This set of software is to accompany the article (publication pending), please refer to it for more details on the project itself.

1. Requirements/Dependencies
2. Introduction
3. Important notes
- 3.1. Nextflow caching and storage capacity
- 3.2. Results directory structure
4. Software description

1. Requirements/Dependencies

Standard Anaconda installation (pandas < 1.0, numpy, Jupyter notebooks, etc).
tqdm -- for progress bars
swifter -- for parallelisation (speeds the dichotomisation up drastically)
pomegranate -- library for probability distributions
Nextflow -- for pipelines (link)

The conda environment file (stochastic_env.yml) is provided, and it is encouraged to use it, so no library version mismatch happen.

2. Introduction

Different parts of the project were implemented as either standalone python scripts, scripts as the part of the nextflow pipelines, Mathematica notebooks, or Jupyter notebooks (mostly for the later stages of the project)

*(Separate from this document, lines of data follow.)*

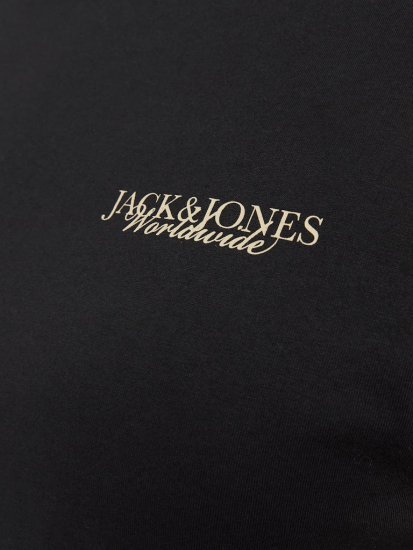 Jack & Jones Boston Photo Crew Neck T-Shirt Black - T-shirts - T-shirts i store størrelser - 2XL-14XL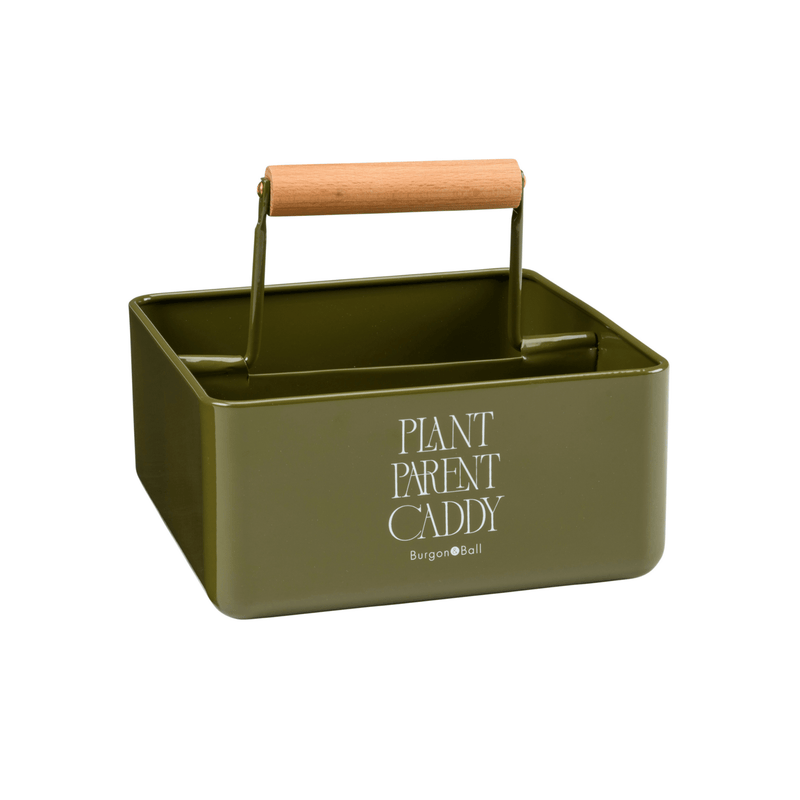 Burgon and Ball Plant Parent Caddy Olive Green Indoor Plant Storage Caddy | Plant Storage Tool | 5019360204947 5019360204947 | AllotMate Essentials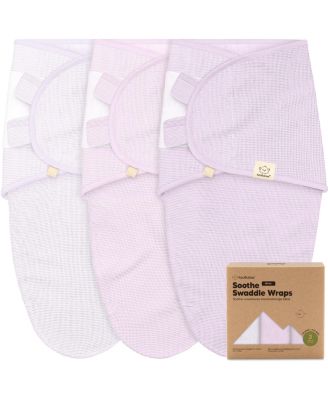3pk Soothe Wren Swaddle Sleep Sacks, Organic Newborn Swaddles Wrap 0-3 Months, Soft Baby Wearable Blanket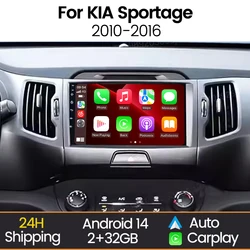 Autoradio Android MEKEDE 2DIN con CarPlay inalámbrico para KIA Sportage 2010-2016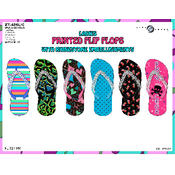 Ladies "Bling" Flip Flops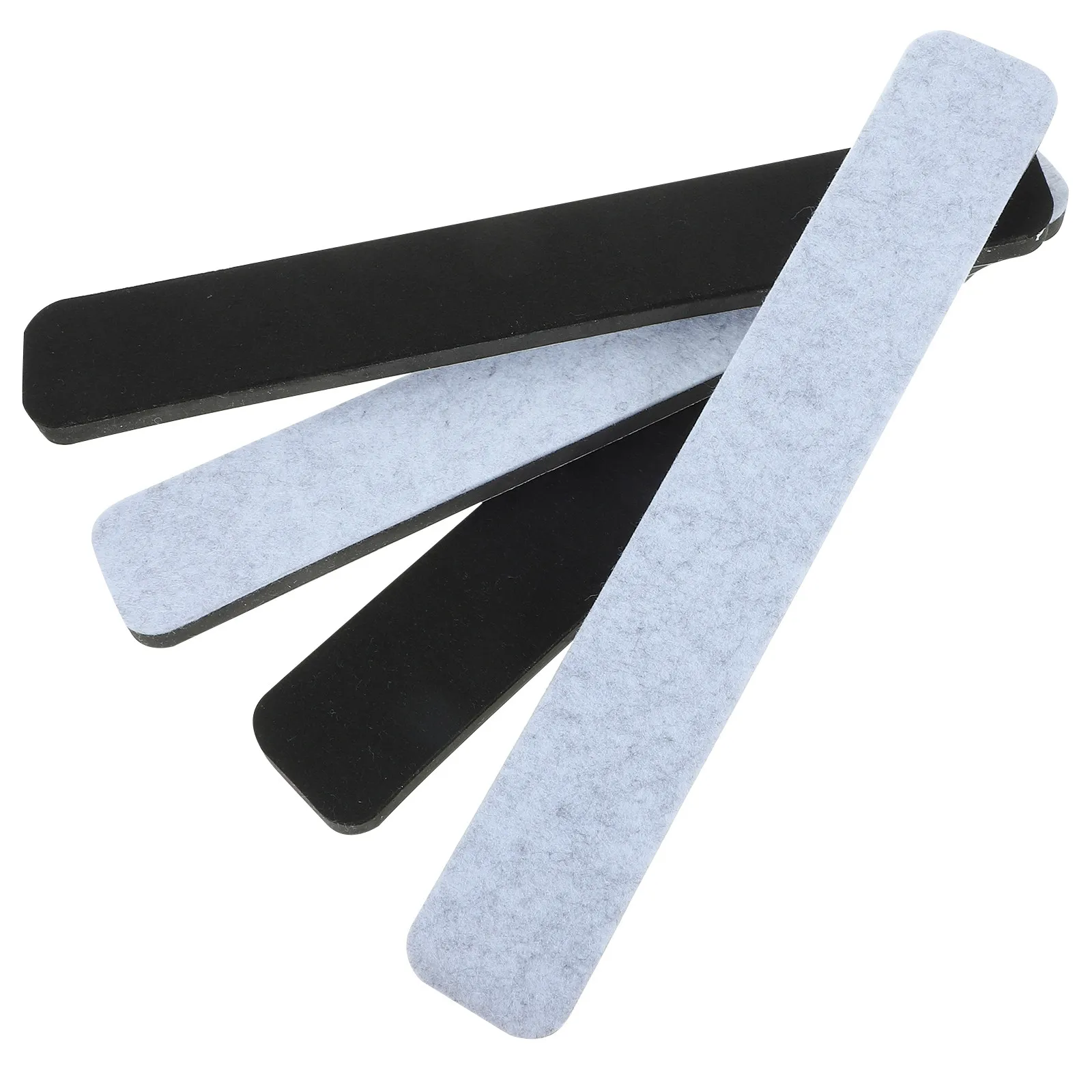 4Pcs Felt Bulletin Board Strip Modern Minimalist Design Self Adhesive Wall Mounted Pin Board for Notes Photos Announcements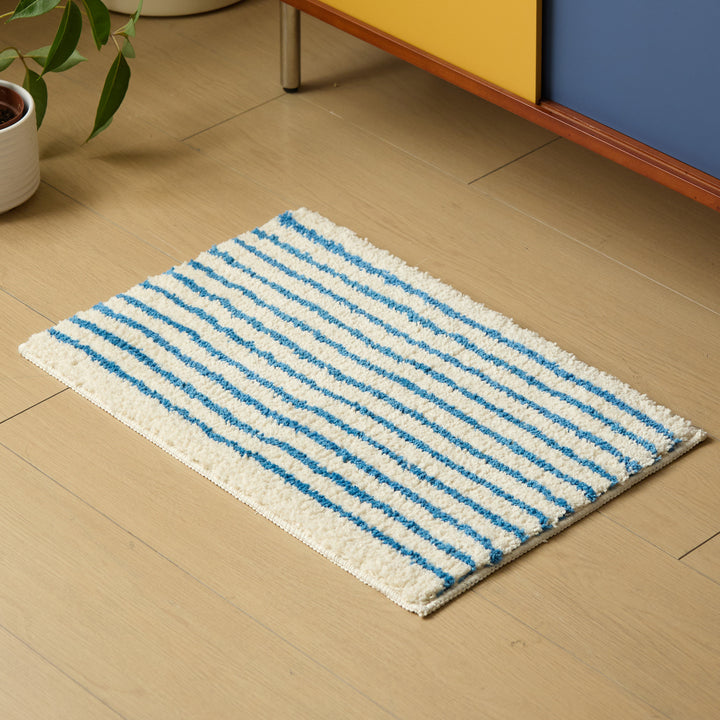 Soft Striped Bathroom Mat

Note: even though the pipeline scripts can be run manually, I highly suggest running them via nextflow (this allows running the whole pipeline from input to the final results without interruption and any intervention from the user)

The following documentation describes all the components in the roughly logical order (more or less in the order parts of the project are to be executed).

For the details on the methods and the project itself see the article pending

3. Important notes

3.1. Nextflow caching and storage capacity

Nextflow creates a lot of temporary files! Even though this is sometimes useful (e.g. when you change a small part of the pipeline, and run the pipeline again with -resume option, it will rerun only the parts that have been affected), it is advised to keep an eye on the directory (work/) and clean it from time to time.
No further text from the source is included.